In Exodus, we see that when the Jews are in Egypt and they need to be delivered from the last plague of death, the angel of death, that God tells them they need to take a lamb and
that lamb would be an atoning work or payment for their sins.
So, we have a little bit more information that God needs a lamb. The lamb will be provided by
God. The lamb needs to be slaughtered and the blood needs to be a payment for their sins. As
we work through the Old Testament, the lamb becomes clearer and clearer.

When we get to the book of Leviticus, we see that the lamb needs to be unblemished. That it
needs to be holy. Then in Isaiah 53, we see that the lamb is actually a human being. It’s not any
human being but it’s the servant of Jehovah. That lamb will come and that lamb will be killed on
a cross and buried, but he will be resurrected and ascend and coronated as king of the universe.
John 1, we see that that lamb is actually Christ, where John the Baptist says, behold the lamb of
God. Peter says he’s a holy, unblemished lamb. In Revelation 21, if you just look there in vs. 9, we see
that the lamb is in heaven and the lamb has created a new heaven and a new earth; and the
lamb in vs. 9 has a wife.

So now, it’s not just an animal. It’s not just a substitutionary sacrifice. But the lamb is actually a
perfect, unblemished human being that is God in the flesh and will ultimately be reigning in a
new heaven and a new earth and that lamb will have a bride in vs. 9. That lamb in vs. 11, having
the glory of God, it’s radiance like a most rare jewel, like a jasper. We see, look at vs. 22. We see
now that the lamb is God.

So, we progressively see through the Scripture more and more and more of who he is. In Isaiah
is the clearest picture. Augustine said if we didn’t have the four gospels, we would have the
gospel in Isaiah 53. You have God in the flesh. You have God suffering for the atonement of sin. You
have God being crucified. You have God being buried. You have God being raised. You have
God being coronated as king. The book of Isaiah is amazing because it is a mere image of the
Bible. What do I mean by that is the Bible is the only revealed word that we have. There’s no
other name under heaven that man shall be saved but by the lamb. It doesn’t matter what
people think. It doesn’t matter what people feel. It doesn’t matter what people want. There is
only one revealed truth of who God is, and there is no other name but by the name of Jesus
that a man shall be saved.

We live in a day and age of post-modern feelings and no truth, all subjective truth. But this
word doesn’t even need us to defend itself. It defends itself. We don’t need anybody to defend
it. It defends itself. That’s what we want to look at this morning.
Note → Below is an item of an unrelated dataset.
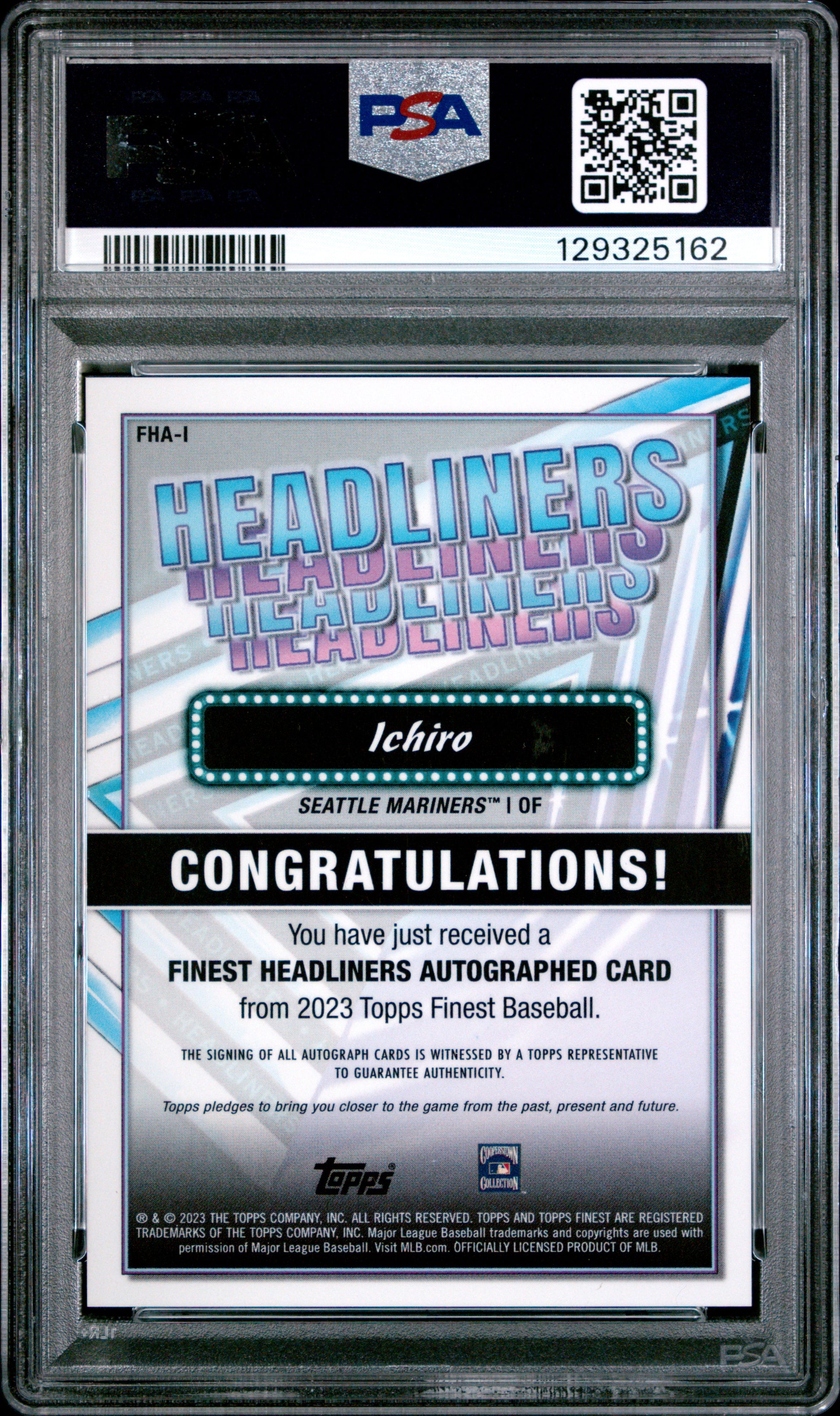 Ichiro 2023 Topps Finest Headliners Orange Refractor Auto #1/25 PSA 8 Nm-Mint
The book of Isaiah is a mere image of the Bible. The Bible is 66 books made up of 39 Old
Testament books, 27 New Testament books. The book of Isaiah is split up into two sections. It’s
made up of 66 chapters with 2 sections. Chapters 1-39 is all about the judgment of Israel.
Chapter 40 – 66 is all about the salvation of Israel, salvation of the world, salvation of a new heaven and new earth that is going to come. Thirty nine chapters of judgment. Twenty-seven
chapters of salvation and the Messiah coming.
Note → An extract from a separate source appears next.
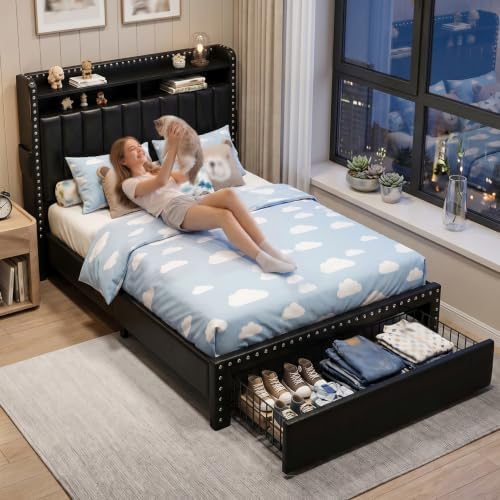 EnHomee Twin Bed Frame with 2 Drawers & 2-Tier Storage Headboard - Image 7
In those 27 chapters, it’s divided into three sections of 9 chapters. The first 9 is the salvation of
the Jews. The second 9 is the salvation of the world. The third 9 is the salvation of a new
heaven and a new earth. If you look in chapter 40 which is the start of the second section, the
book of Isaiah starts exactly the way the New Testament starts and it ends exactly the same
way the New testament ends. Do you guys follow that with me?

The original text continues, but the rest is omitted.